After we arrived at the Ramstein Air Force Base in Germany, we began to regularly attend the weekly Friday Night Shabbat services at the base chapel that was led by the assigned Air Force chaplain, Rabbi Irving Ehrlich and later Rabbi Theodore Stainman. Our congregation of service-members and their families was thriving and I continued my Jewish education in their religious school. Our congregation occasionally held services in the historic, eleventh century synagogue in the nearby city of Worms. It was sometimes called the Rashi Shul or Rashi Synagogue after the famous medieval French Rabbi Solomon ben Isaac, an acclaimed commentator on the Talmud and the Hebrew Bible, who had studied in the yeshiva there for many years until he moved to Mainz around 1065. Fortunately, my dad was able to get permission to hold my Bar Mitzvah ceremony at the Rashi Synagogue, which I did on Saturday, October 15, 1977. My mother hand made for me a lovely tallit and kippah that I wore for the occasion. It was my understanding that I was the first Bar Mitzvah held there since the synagogue had been rebuilt in the early 1960s. The local German newspaper, the Wormser Zeitung, even sent a reporter and a photographer to cover the event.

I was both nervous and excited the day of my Bar Mitzvah. I was nervous that I was going to make a mistake. But I was excited that I would finally get to demonstrate what I had learned. I am happy to say that my many hours of practicing paid off. My chanting from the Torah and Haftorah went really well. And my Bar Mitzvah speech comparing the “new beginnings” found within my Torah portion about the story of Noah and my Haftorah portion about the People of Israel’s exile to the land of Babylonia to my own “new beginnings” in my school, home, faith, and my greater community was well received.
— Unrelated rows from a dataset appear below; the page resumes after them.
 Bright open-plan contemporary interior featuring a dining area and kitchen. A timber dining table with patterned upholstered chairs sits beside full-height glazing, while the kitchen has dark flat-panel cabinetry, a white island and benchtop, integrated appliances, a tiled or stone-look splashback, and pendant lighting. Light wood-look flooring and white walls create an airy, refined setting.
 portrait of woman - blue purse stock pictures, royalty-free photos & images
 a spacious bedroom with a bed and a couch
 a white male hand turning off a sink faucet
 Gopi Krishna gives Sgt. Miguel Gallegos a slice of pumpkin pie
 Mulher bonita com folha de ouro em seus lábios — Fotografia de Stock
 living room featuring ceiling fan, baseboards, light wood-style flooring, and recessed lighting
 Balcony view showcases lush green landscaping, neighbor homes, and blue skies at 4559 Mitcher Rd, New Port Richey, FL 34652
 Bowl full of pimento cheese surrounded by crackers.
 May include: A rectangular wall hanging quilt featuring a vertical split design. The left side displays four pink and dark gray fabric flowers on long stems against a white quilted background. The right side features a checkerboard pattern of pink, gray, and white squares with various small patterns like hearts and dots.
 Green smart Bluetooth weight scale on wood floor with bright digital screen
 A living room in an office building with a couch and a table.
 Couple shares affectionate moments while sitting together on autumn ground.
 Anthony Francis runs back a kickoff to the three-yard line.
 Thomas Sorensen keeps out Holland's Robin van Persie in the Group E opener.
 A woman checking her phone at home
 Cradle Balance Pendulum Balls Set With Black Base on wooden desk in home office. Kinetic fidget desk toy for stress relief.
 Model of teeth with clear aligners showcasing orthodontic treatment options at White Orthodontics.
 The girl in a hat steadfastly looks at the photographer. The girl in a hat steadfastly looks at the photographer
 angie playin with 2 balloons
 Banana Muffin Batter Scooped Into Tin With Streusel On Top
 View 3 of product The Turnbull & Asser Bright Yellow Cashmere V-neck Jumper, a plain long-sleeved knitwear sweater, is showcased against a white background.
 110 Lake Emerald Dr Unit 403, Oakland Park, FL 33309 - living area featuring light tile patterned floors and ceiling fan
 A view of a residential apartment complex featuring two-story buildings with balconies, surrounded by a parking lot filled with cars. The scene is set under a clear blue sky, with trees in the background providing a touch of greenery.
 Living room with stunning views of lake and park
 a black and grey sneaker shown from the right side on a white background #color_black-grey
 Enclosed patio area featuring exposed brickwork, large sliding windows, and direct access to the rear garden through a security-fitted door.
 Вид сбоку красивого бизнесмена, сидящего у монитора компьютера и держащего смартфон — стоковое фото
Standing on the Bima and facing my rapt audience of family members, friends both German and American, and even journalists from the local newspaper, I knew that I was proud to be Jewish. I was carrying on the religious traditions of my ancestors in the very spot that had been destroyed during Kristallnacht in 1938. As it turns out, I did not have to hide my Jewishness to be accepted by the community. Instead, I got to celebrate it.